# What you will do
A verbatim copy of the listing is needed; pictures are to be left out.

- - -

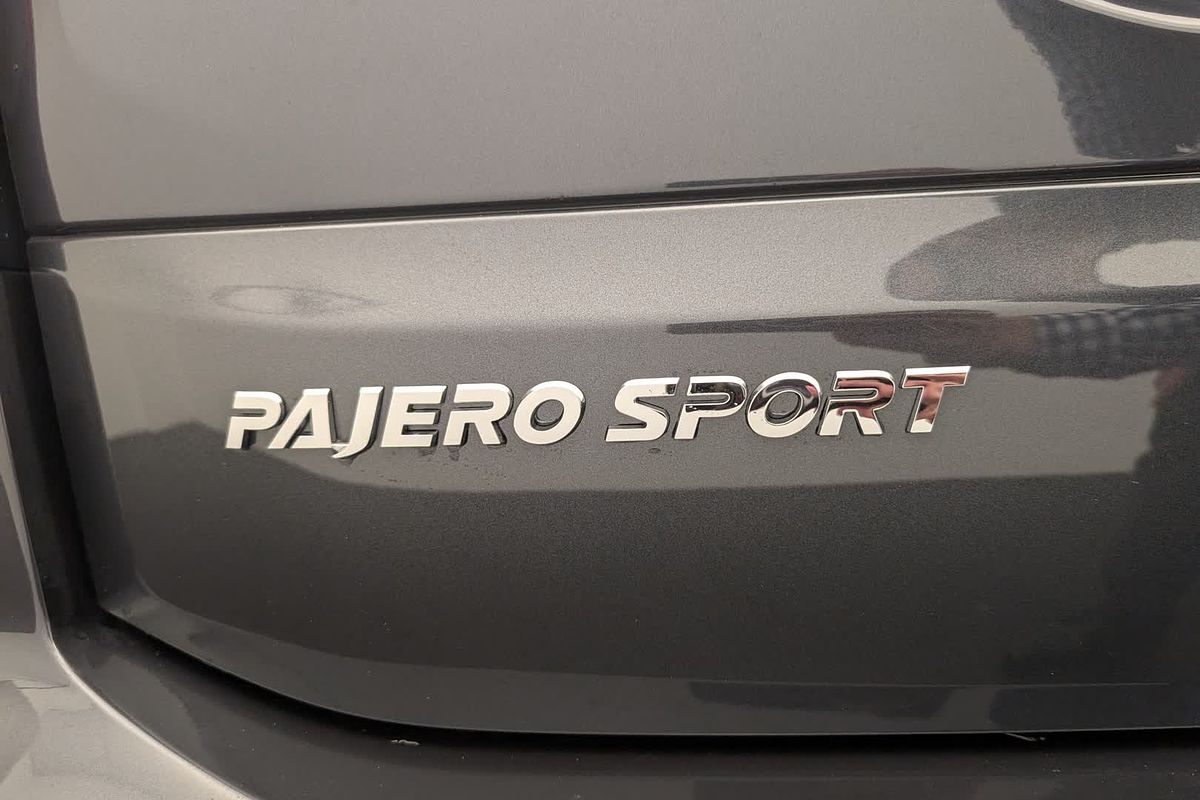 2025 Mitsubishi Pajero Sport GLX QG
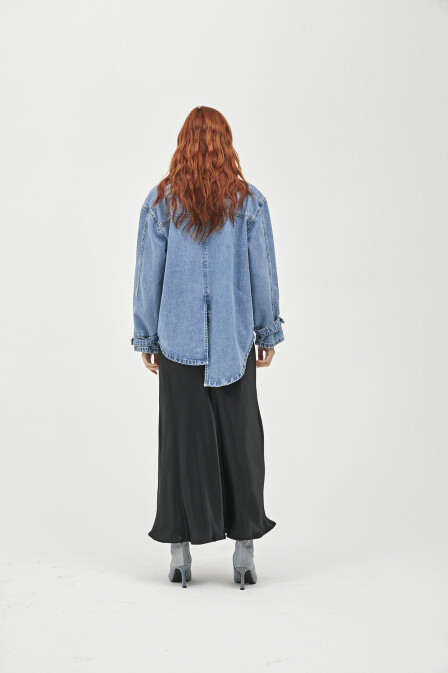 Pocket Detailed Denim Shirt with Asymmetrical Back - 5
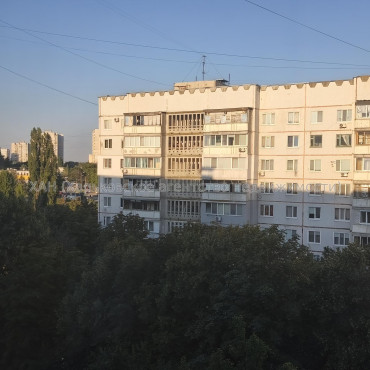 Продам квартиру, 92-й бригады ул. , 50 , 2 кім., 54.50 м², косметический ремонт 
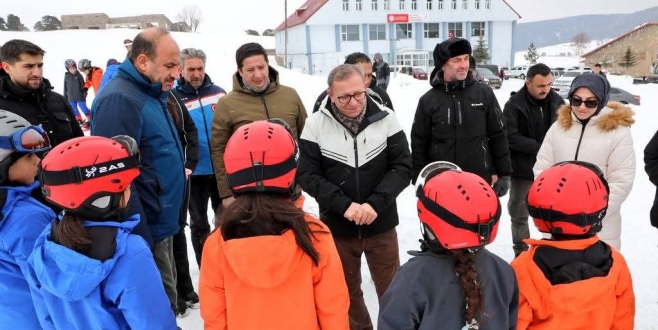 Vali Polat, Sarıkamış’ta kayak öğrenen öğrencilerle buluştu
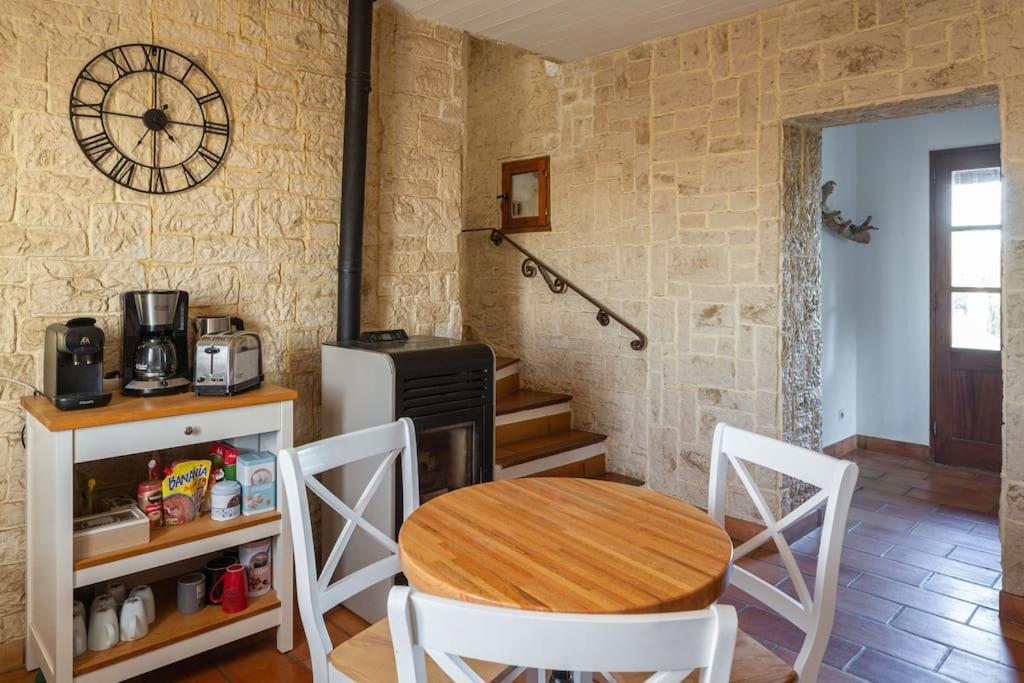 Le Mas de Peaudure au coeur de la Camargue Arles Extérieur photo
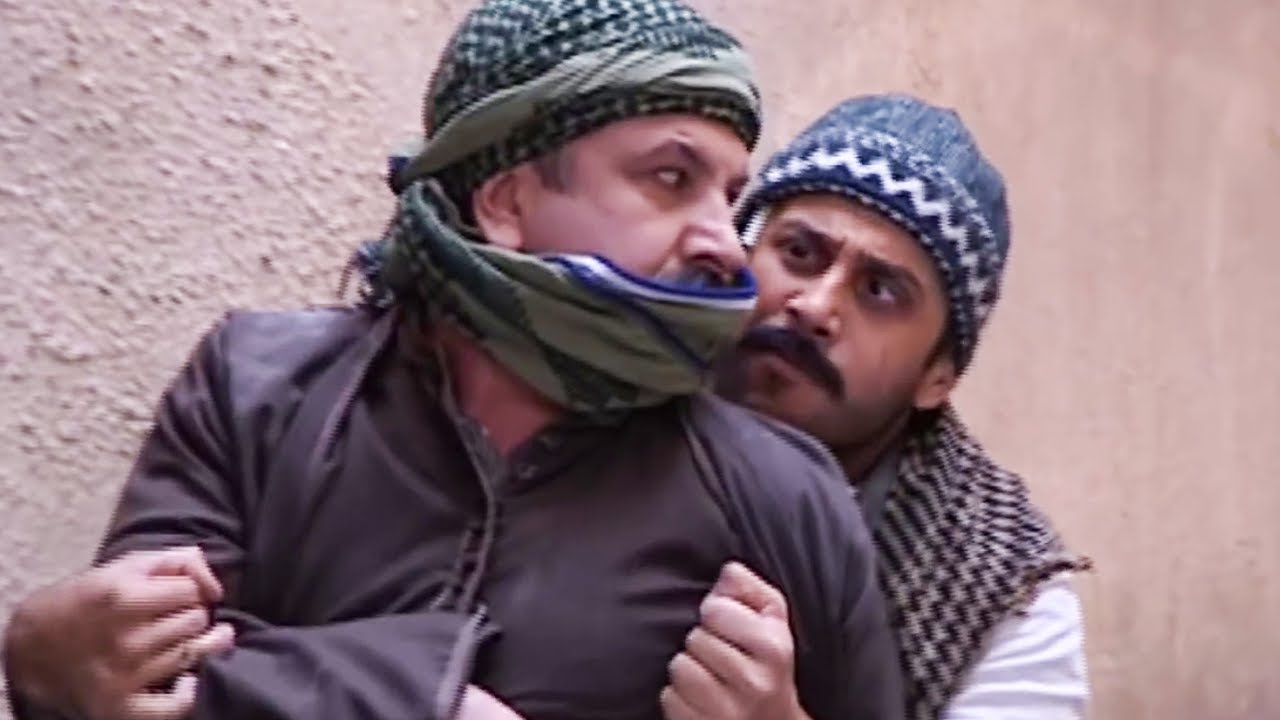 أبو حاتم فايت عالحارة متخفي متل السبع أبو كاعود ما هان عليه يفوت غريب عالحارة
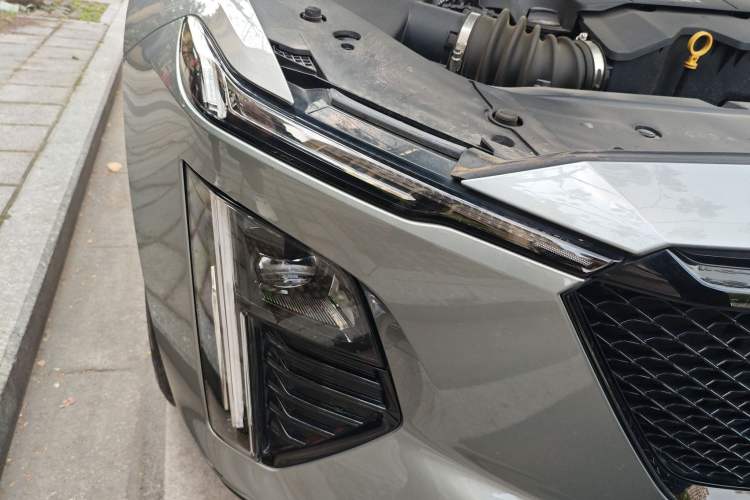 Used Cadillac GT4 2023 25T Luxury Model Right Front Headlight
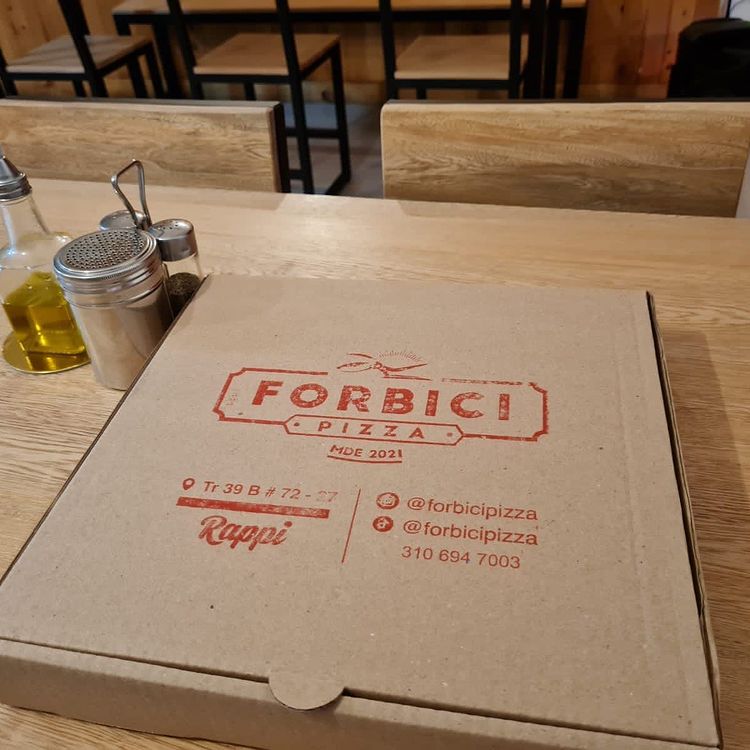 forbici ¿Cuál es la mejor pizza en Medellín? [2023]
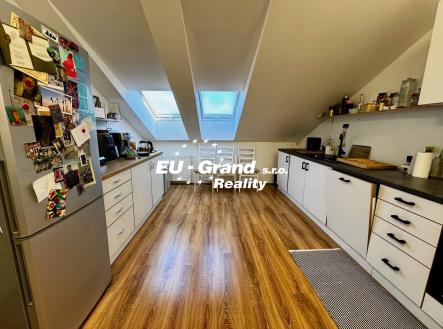 Pronájem bytu, 2+1, 90 m²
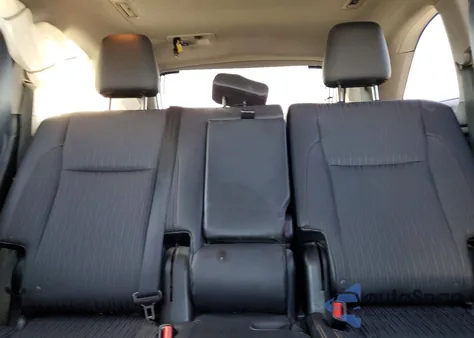 2016 Toyota Highlander Le z USA, uszkodzony, nr VIN 5TDBKRFH5GS243668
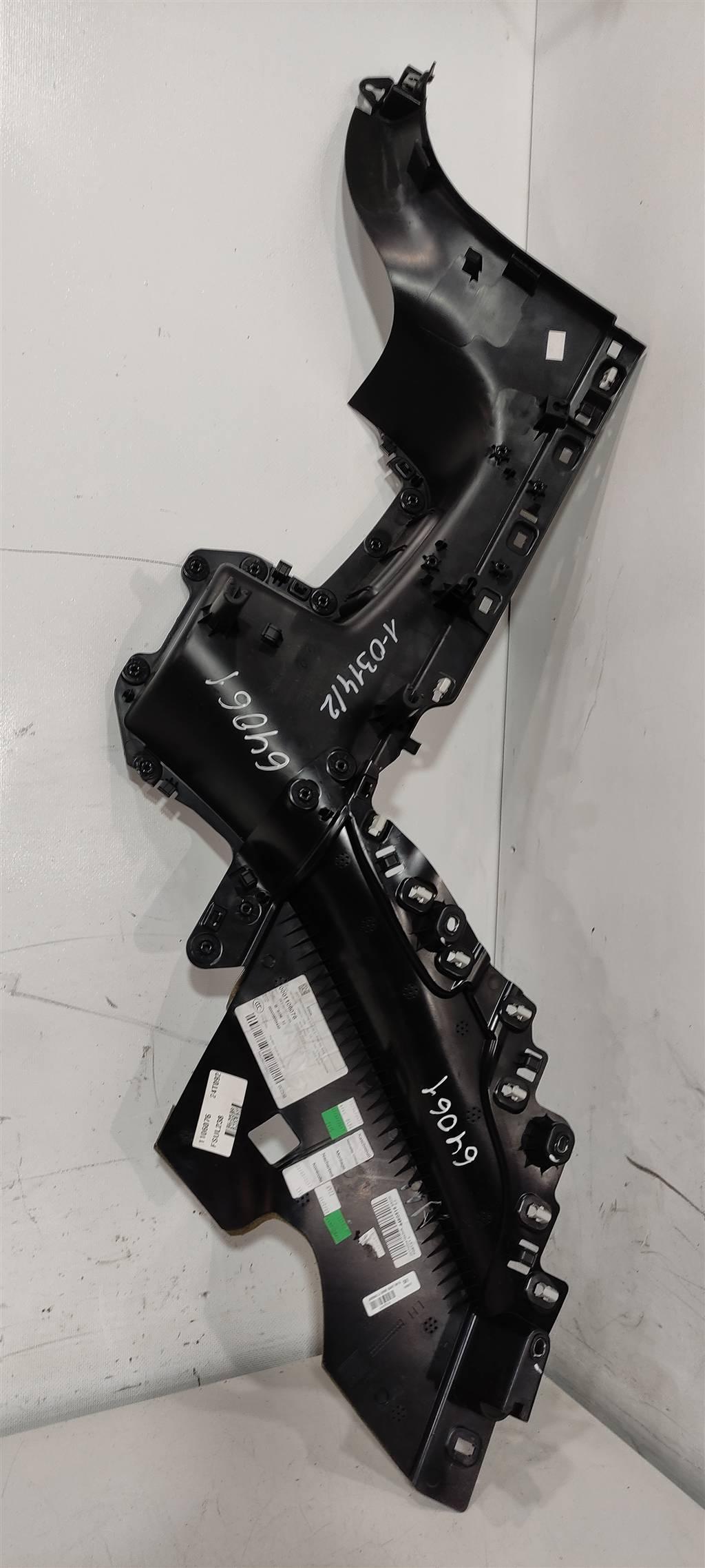 обшивка салона Mercedes-Benz E-Класс W213/S213/C238/A238 2017, 2.1 л., CDi, дизель, купе, ., A2386904002, A2386909301 - фото №1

- - -

# Task response
 2025 Mitsubishi Pajero Sport GLX QG
 Pocket Detailed Denim Shirt with Asymmetrical Back - 5
 Продам квартиру, 92-й бригады ул. , 50 , 2 кім., 54.50 м², косметический ремонт 
 Vali Polat, Sarıkamış’ta kayak öğrenen öğrencilerle buluştu
 Le Mas de Peaudure au coeur de la Camargue Arles Extérieur photo
 أبو حاتم فايت عالحارة متخفي متل السبع أبو كاعود ما هان عليه يفوت غريب عالحارة
 Used Cadillac GT4 2023 25T Luxury Model Right Front Headlight
 forbici ¿Cuál es la mejor pizza en Medellín? [2023]
 Pronájem bytu, 2+1, 90 m²
 2016 Toyota Highlander Le z USA, uszkodzony, nr VIN 5TDBKRFH5GS243668
 обшивка салона Mercedes-Benz E-Класс W213/S213/C238/A238 2017, 2.1 л., CDi, дизель, купе, ., A2386904002, A2386909301 - фото №1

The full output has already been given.